DATA UNDER STUDY below:

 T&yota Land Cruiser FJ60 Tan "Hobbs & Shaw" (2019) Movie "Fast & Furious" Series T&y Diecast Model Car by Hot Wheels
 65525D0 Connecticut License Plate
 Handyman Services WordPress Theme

End of DATA UNDER STUDY.
DATA UNDER STUDY below:

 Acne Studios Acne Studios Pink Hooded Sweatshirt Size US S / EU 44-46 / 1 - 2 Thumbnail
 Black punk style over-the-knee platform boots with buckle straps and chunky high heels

End of DATA UNDER STUDY.

PROBLEM REQUIREMENTS: Starting at the line above that holds "65525D0 Connecticut License Plate" and ending at the line that holds "Handyman Services WordPress Theme", transcribe each line exactly and include no other lines.

OUTPUT FOR THIS EXERCISE:
 65525D0 Connecticut License Plate
 Handyman Services WordPress Theme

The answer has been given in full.